Y nunca más supe de él. Pero la vida, juguetona como es ella, quiso regalarme la oportunidad de reconciliarme con el ídolo que decoraba mi habitación, y hasta conmigo misma. Aquella rabia interior ya no era necesaria, pero sé que la sigo sintiendo, en ocasiones, en punzadas de dolor en cuanto Federer golpea la pelota y yo no sé ya ni cómo le contestaría.

De carne y hueso se presentó en mi vida. Así, como si se tratara de uno de esos trucos de magia que tanto me fascinan y que nunca he querido preguntar el secreto. La emoción se adueñó de mis sueños ya la noche antes, con una frase que se repitió hasta casi convertirse en pesadilla: “Estaría bien hacer la entrevista, pero hazla tú”. Los nervios. La noche eterna. La mañana más larga aún porque desde las seis estuve garabateando notas en un cuaderno que se empeñaba en devolverme ilegible la que iba a ser la entrevista de mis sueños.

Mi mano, todavía con nervios en cada vena, cogió la grabadora y llegó al lugar de la entrevista. El fotógrafo no dejaba de preguntarme dónde iba a ser el encuentro y dónde se iba a poner él. Y yo no dejaba de preguntarme si aquello ya era parte del día o seguía en la noche.

Llegó, se sentó, nos presentamos y el resto de mí desapareció. Borrosa como en un sueño, solo dejé espacio en mi cerebro para que aprehendiera todos y cada uno de sus gestos, sus palabras. Aterrada por el inglés, pareció que me hablaba en un correctísimo español. Así estaban mis sentidos, todos puestos hacia un tenista que había salido de las paredes de mi habitación para decirme que la vida continuaba. Que ya ninguno jugamos a tenis, pero que hemos descubierto otros placeres, otras pasiones, que quizá no llenen tanto como lo hacía la raqueta antes, pero que quizá algún día lo hagan.

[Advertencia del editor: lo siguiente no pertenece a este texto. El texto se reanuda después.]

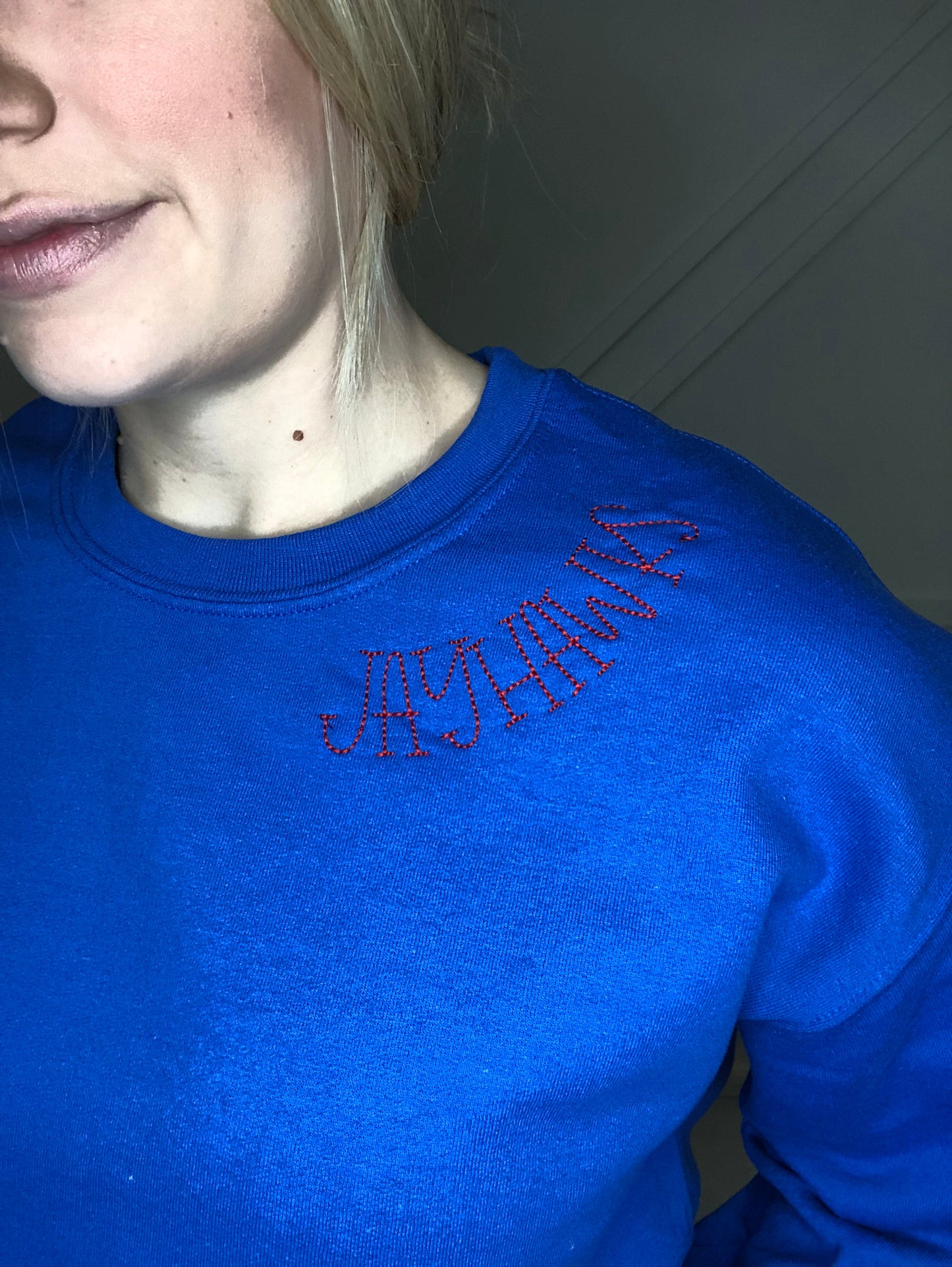 Embroidered Collegiate Crewneck - KU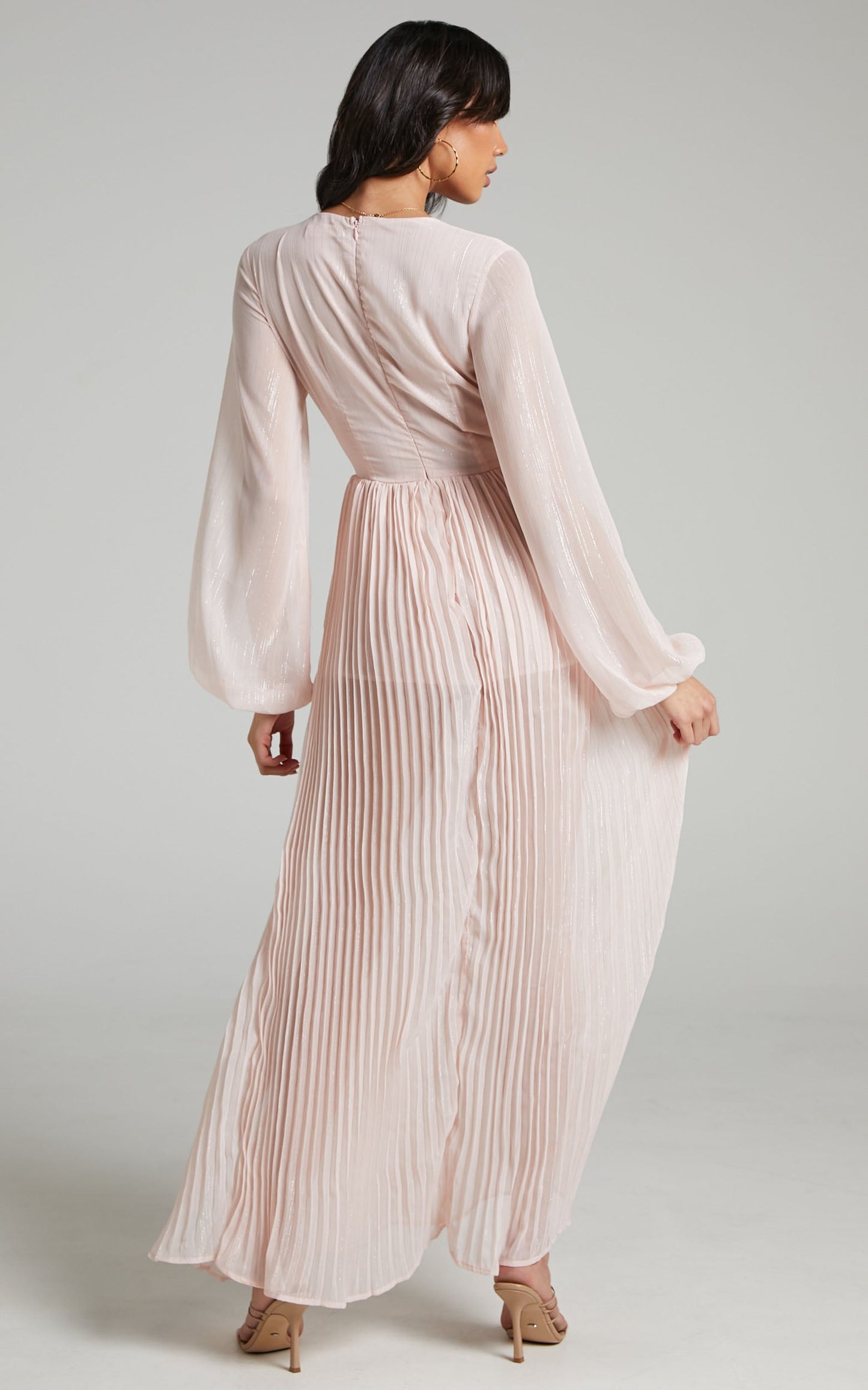 Alona Long Sleeve Twist Front Pleated Maxi Dress in Pink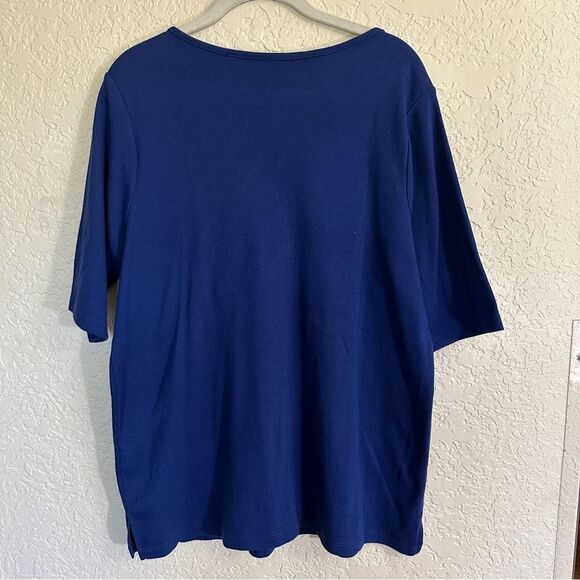 Quacker Factory Blue Embroidered Embellished Knit Fall Halloween Shirt Top Large - Picture 4 of 10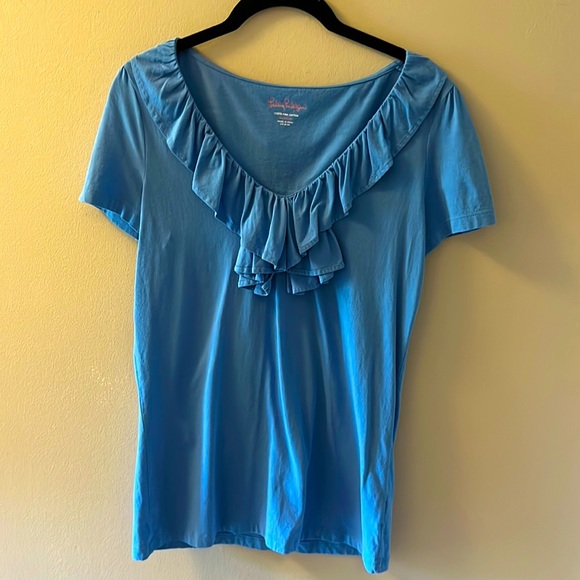 Lilly Pulitzer Ruffled Cotton Top (Size S) - Picture 1 of 6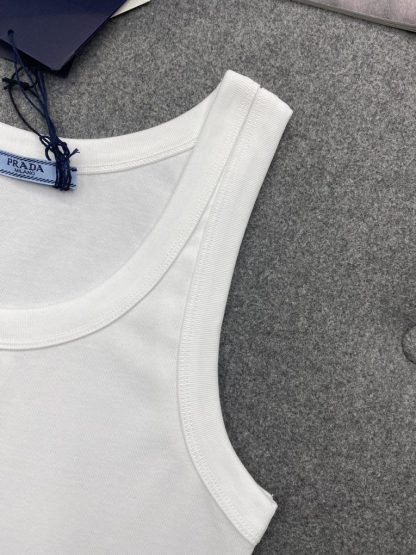 Replica Prada Ribbed knit jersey tank top Women 2024 #3306 - Image 10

Terminé de hablar con él. Quizá no debí hacerlo. Supongo que no es ser buen periodista. Pero no pude callármelo. Quizá esa fue la única vez que lo vería en mi vida. Se lo dije. “Tú decorabas mi habitación”. Volví a tener 10 años, volví a desenrollar el póster. Volví a colgarlo con chinchetas. Volví a quedarme allí parada mirándolo, imitando su gesto. Volví a soñar que jugaba contra él. Y él, allí, 20 años más tarde, me devolvió el golpe en forma de sonrisa. “Muchas gracias”, me dijo. Un muchas gracias que sirve para abrir la caja de mi pasado tenístico, guardar este nuevo recuerdo y volver a cerrarla con un sello de gratitud, por todos esos años en los que fui feliz sin proponérmelo. En los que era yo contra el mundo y casi, casi siempre, salí vencedora.

Veinte años más tarde, me volví a encontrar conmigo misma.